**Instructions for the task:**
Return the lines below exactly, please, from the one containing "幼稚園・保育園　下馬保育園（幼稚園・保育園）まで272m" through the last one, both included, and leave out any pictures.

**Supplied data:**
----

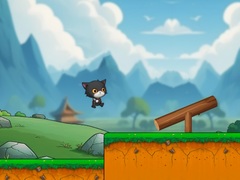 Spiel Adventure of Tommy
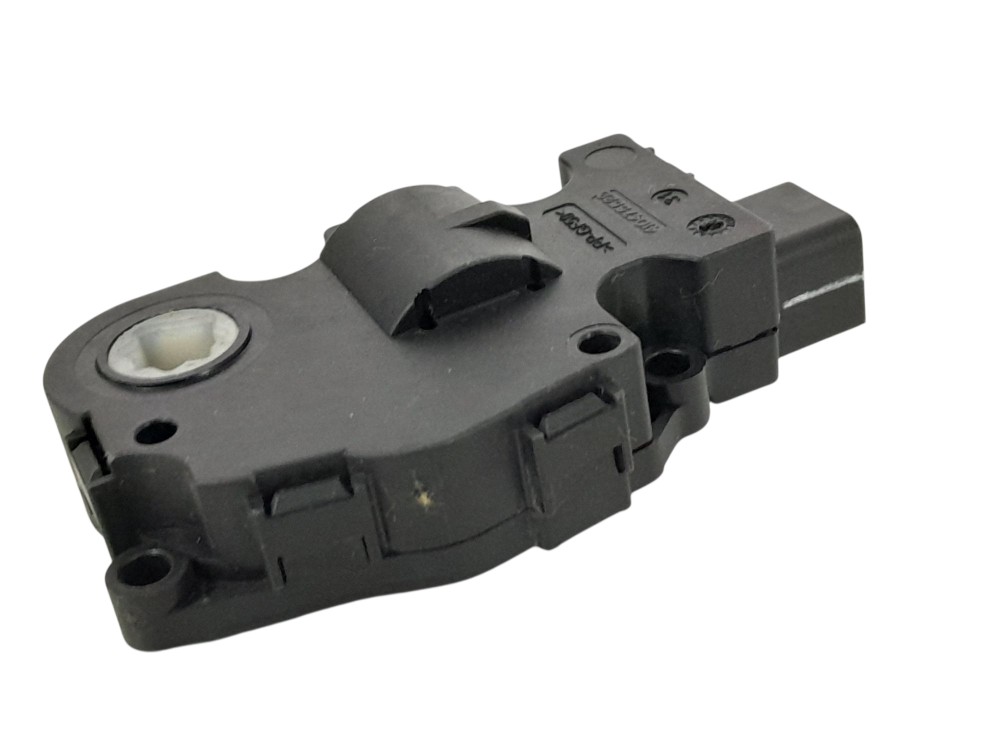 Motor Atuador Caixa Ar Interna Bmw X6 2014 3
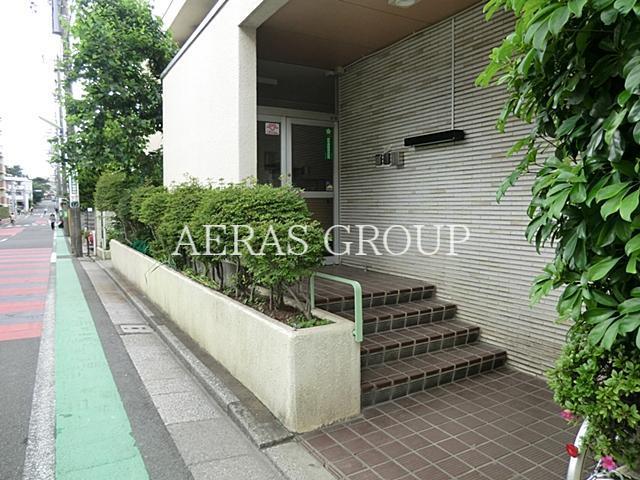 幼稚園・保育園　下馬保育園（幼稚園・保育園）まで272m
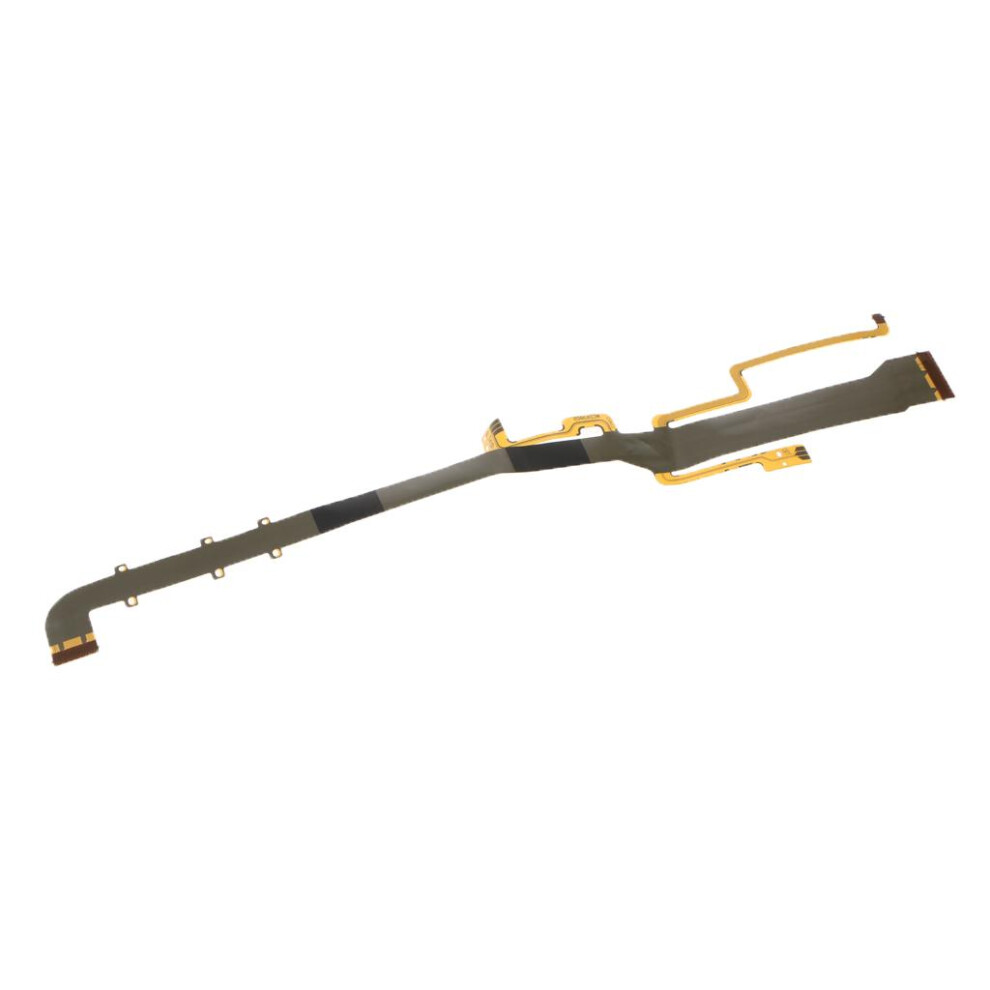Lcd Flex Cable Ribbon Fpc For Olympus Epl7 E-Pl7 Digital Camera Repair 6901423043473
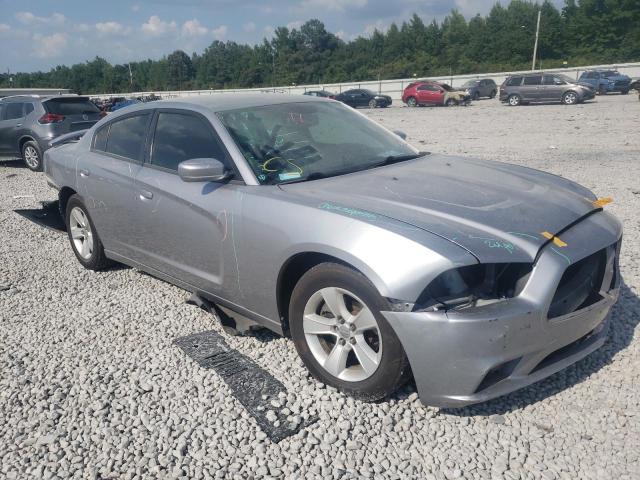 DODGE CHARGER SE 2013 with VIN 2C3CDXBGXDH683755 - Photo from auction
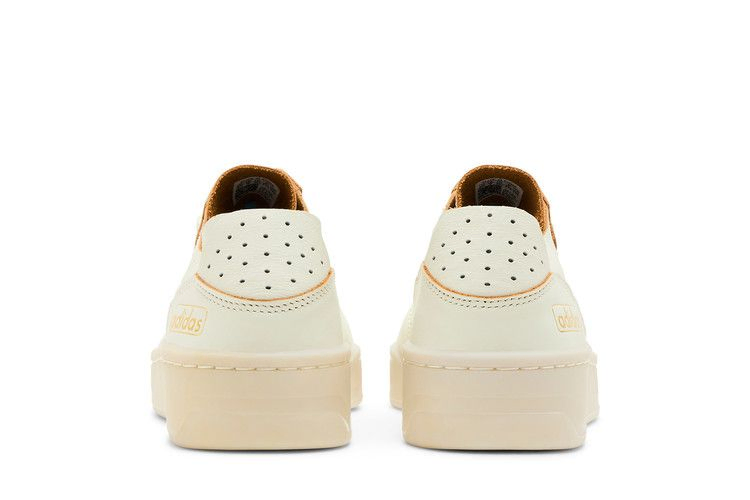 Кроссовки adidas Rivalry Summer Low 'Ivory Semi Blue Burst'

----

**Solved problem:**
 幼稚園・保育園　下馬保育園（幼稚園・保育園）まで272m
Lcd Flex Cable Ribbon Fpc For Olympus Epl7 E-Pl7 Digital Camera Repair 6901423043473
 DODGE CHARGER SE 2013 with VIN 2C3CDXBGXDH683755 - Photo from auction
 Кроссовки adidas Rivalry Summer Low 'Ivory Semi Blue Burst'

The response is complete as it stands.